What prospects does New Zealand offer? In a Herald series starting today, SIMON COLLINS and MATHEW DEARNALEY look at how to create jobs.
At the beginning of this year, the head of the Auckland University Business School, Dr Marie Wilson, asked her 800 first-year students how many of them were born overseas.
Two-thirds put up their hands. How many, she asked, expected to be overseas in five years? Eighty per cent put up their hands.
Perhaps they were just going on their "OE" and would come back. So she asked how many thought they would still be overseas in 20 years.
This time they hesitated. "It will depend on how well New Zealand's doing."
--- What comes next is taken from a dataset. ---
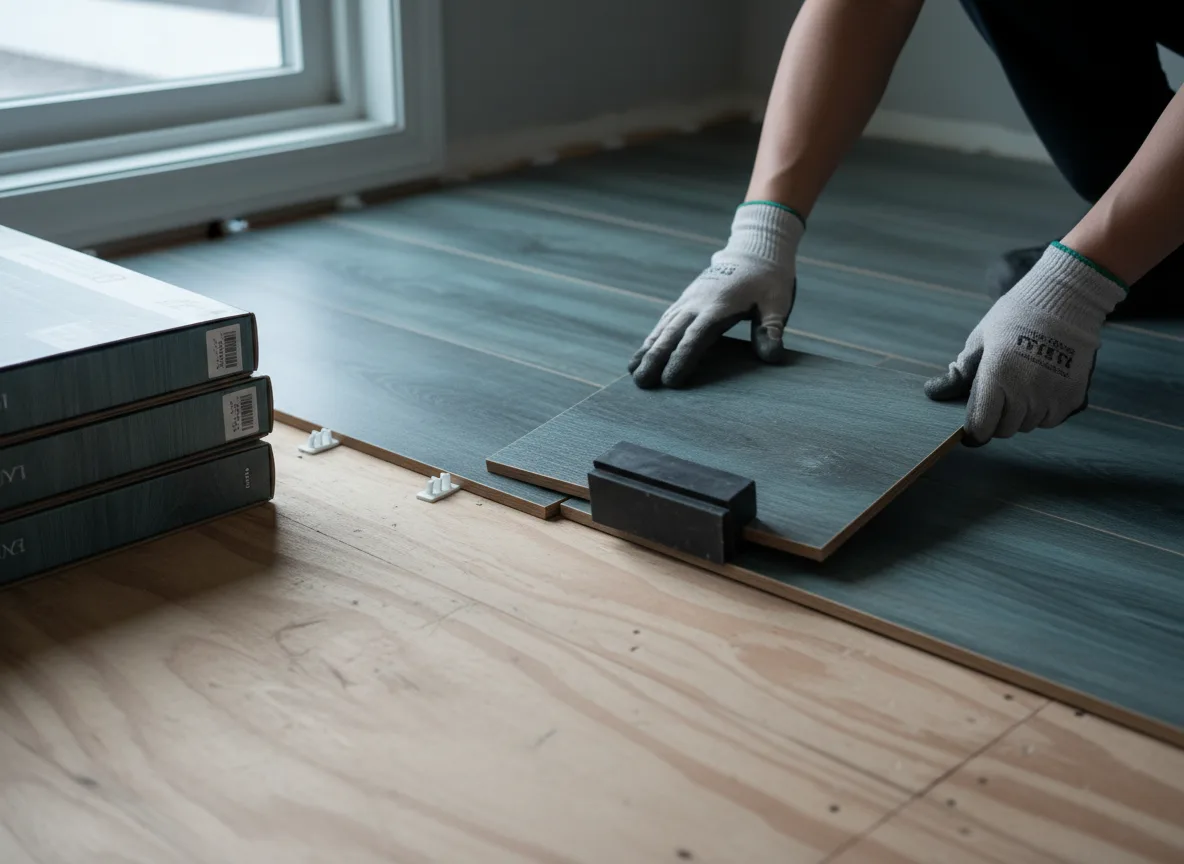 Luxury Vinyl Plank Installation company in Chappell, NE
"We did feedback at the end of the first half," Dr Wilson says. "One of the things they said was, 'As most of us are not going to be working in New Zealand, it would be good to have more global examples'."
For most New Zealanders, this is a deeply worrying time. After pumping money into the country for much of the past 15 years, suddenly foreign investors are pulling out. The dollar has dropped to its lowest value ever - so low that Prime Minister Helen Clark has suggested we might be better off to give it up and adopt the Australian currency.
As the graph shows, our weakness is chronic. From 1960 until 1984, the income of the average New Zealander slipped from 100 per cent of the average in the world's 23 rich countries to 67 per cent. From 1984 to 1998, we slid to 54 per cent of the rich-country average.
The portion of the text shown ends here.